With that gift of time, I learned to wait silently with my head against a branch until I was filled with peace. It didn't happen right away, but if I waited long enough, I knew that a sweet, bright sensation would pass through me and leave me content. Then, I could sit in that tree without any words in my head, and know I was part of the branches, the leaves, and the wind. I was part of bird cries, sunshine, and the smell of mud.
In ninth grade, when my family built a new house on part of our land, I lost my tree. The tree was still there – I think it is still standing today -- but when I climbed it, our new neighbors could easily see me. Ninth graders, I thought, were a little too big to climb trees so conspicuously, and so I stopped. With that, I lost my way of relating to God, although I would not have been able to put those words on it at the time. Before ninth grade, I understood the peace that I found in that tree was part of my world, like a small child understands its mother's love to be an inevitable part of existence. When I could no longer climb the tree, I believed the loss was an unavoidable part of growing up, and I felt ashamed by my frantic grief.
I was a young adult before I recognized my time in that tree as a holy. When I started to attend Friends Meeting, the process of settling into waiting worship was completely familiar to me from my time in the maple. Instead of sitting with my head against a branch, I sat on a chair in a room full of people and I learned that I could find the peace of God there, as well. I felt the relief of someone who has been freed from a chronic pain.
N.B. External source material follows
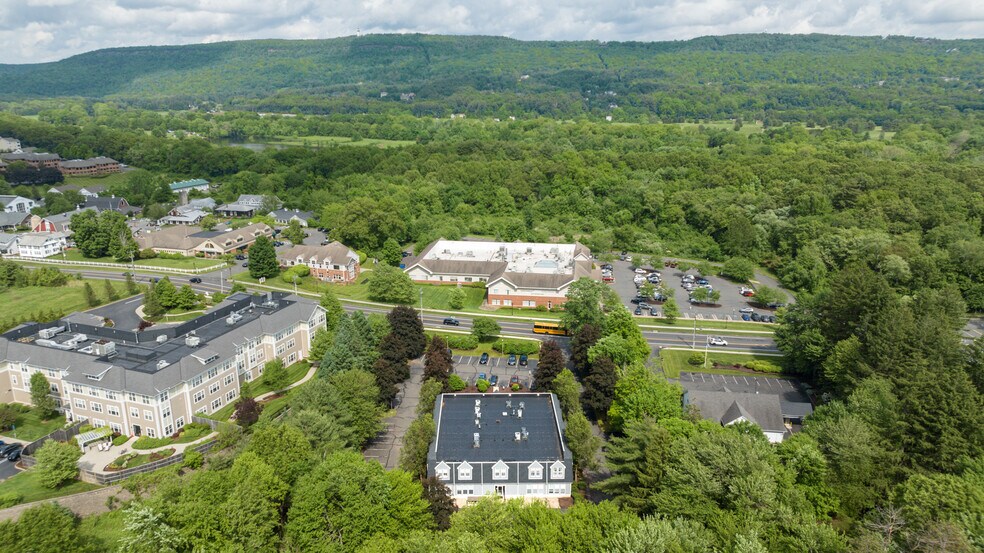 More Photos Of 111 Simsbury Rd, Avon Medical For Lease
More than 20 years after I stopped climbing my beloved maple, I have begun climbing trees again. This fall, I have occasionally let myself wander out to the maples on the western edge of our shelter belt and pull myself into their branches. Yesterday, as I sat down to write an essay for this blog, I kept hearing in my heart that it was time to climb a tree. I fought the frivolous urge valiantly until something in my heart said, "You are being disobedient.” With a sigh, I turned off the monitor and went outside. As I approached the trees, I suddenly had to fight back tears, which passed as quickly as the shadow of cloud. I pulled myself up into a maple, looked out into the turned earth of the cornfield, and breathed the earthy scent of the neighbor's cattle. The narrow tree limbs that bent down to the dry grass were so smooth they became golden with reflected sunshine. Fragrant leaves called me from the base of the trunk, so I swung myself down and flopped down amongst them, arms stretched wide as I gazed up at the brilliant pattern of slim gray against the blue. Like the tree limbs, I felt radiant with reflected light.
“I fought the frivolous urge valiantly until something in my heart said, ‘You are being disobedient.’” Now, that is my kind of Quakerism!